I’ve actually found myself attending more gallery openings. The art scene in LA has erupted in recent years and there’s an endless schedule of events across the city.
‘I will stress the importance of a good contract, as America is a very litigious country and people tend to do things differently, especially when there’s a dispute.’
It’s funny, when we landed, we decided to move to West Hollywood. My wife Emily’s best friend from New Zealand was living there and we thought that would be cool to be close by (as we didn’t really know anyone here). Turns out that most newbies start their LA life in West Hollywood before moving to another part of the city. There’s A LOT of talk about where you live in LA. There’s a lot of East vs West, and it’ll kill a conversation sometimes! We like West Hollywood because it’s fairly central — you can be almost anywhere in about 30 minutes.
On hidden costs
Tipping and healthcare. The tipping really adds up, and for a long time we were tipping on everything — but you don’t have to. Over-the-counter purchases don’t require a tip, whereas sit-down service does. Health insurance, on the other hand, is a whole other thing, and you quickly realise just how good we’ve got it back home.
On something unique to LA that is inspiring
LA has great signage — there’s literally type everywhere, and in various stages of decay. The color palette’s pretty interesting too. People aren’t afraid to use color, which I like. It tends to be washed out mostly, but that could have something to do with the sun — it’s relentless!
On current projects
I’ve just finished a packaging project for ill.i Optics (Will.i.am’s eyewear brand). I’m also working with two US-based coffee brands at opposite ends of the market. One is a boutique LA roaster about to make their debut, the other is a rather large, well-established outfit looking to do something different. I’m also helping a New Zealand paint company called Drikolor establish themselves in the USA.
On a recent collaboration
I’m very excited about my current collaboration with Hardhat Design (they’re old friends based in New York). We’ve been trying to find a suitable project for some time and have finally started working together last month (hush, hush).

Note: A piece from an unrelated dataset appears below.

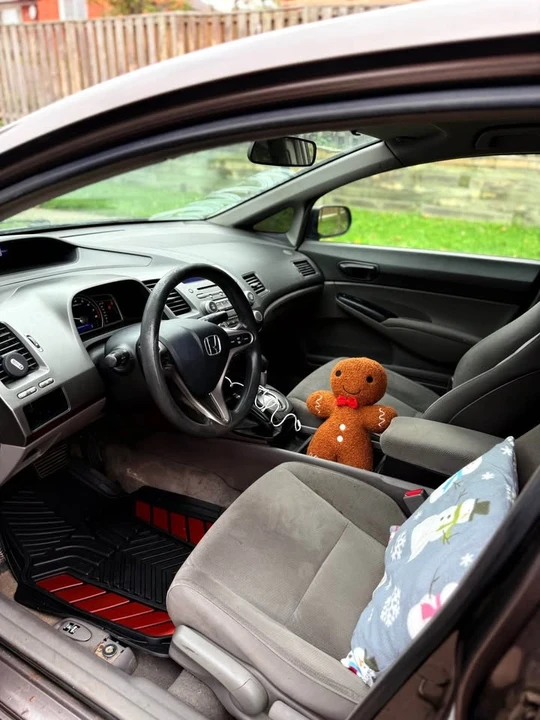 2009 Honda Civic 8th Gen - Image 11 of 13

On something to do when you arrive
Airbnb a bunch of places in different parts of the city to figure out which ’hood you want to live in — they’re all SO different. Reach out to people and make friends.
On something you wish you’d been told
We love food, so Jonathan Gold’s 101 best restaurant list was a great discovery.

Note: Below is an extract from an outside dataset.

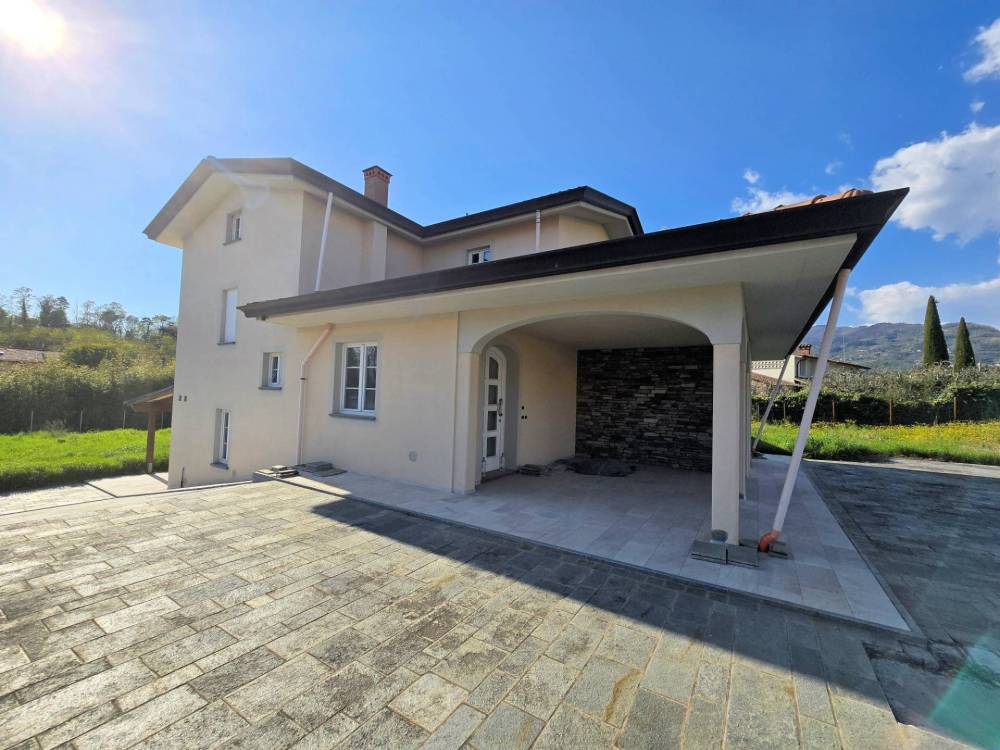 casa indipendente in vendita a Capannori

I think where we live is pretty good, considering; it’s handy for most things, and you can walk to a bunch of stuff. Other faves include. Silver Lake (Eastside) and Manhattan Beach (Westside), although people will tell you that you have to pick.
On good coffee
The coffee scene has changed hugely these past 12 months, so I like to mix it up. In West Hollywood, I’d hit up Coffee Coffee on Fairfax, or Cofax Coffee in the Fairfax Village — they have a donut intern. Stop in for an ice cold Nitrous Coffee at Alfred Coffee, Melrose Place, or Blue Bottle Coffee on Beverly is a staple.
On where to get inspired
A dawn surf at El Porto (Manhattan Beach) is a great way to kick-start the creative process. If I have time, a spontaneous road trip always works, otherwise there’s a seemingly endless schedule of art shows across the city.
On good galleries
M+B, Regen Projects and Matthew Marks Gallery are all local favorites.
We won Green Cards through the diversity lottery — I’d start there. There’s no way to get around the paperwork. Unfortunately the US loves complexity and there’s no quick way round it — a good lawyer wouldn’t go amiss, but be prepared to spend a few dollars.
On getting away for the weekend
Be prepared to explore. We often head west via the Pacific Coast Highway toward Big Sur. Ansel Adams’ Yosemite is about five hours north of here; Mexico’s just a few hours south of here, or simply head east — the desert is full of surprises.
On spending your first $500 in LA
My first exciting purchase was a wetsuit, to deal with the cold Pacific currents in Southern California.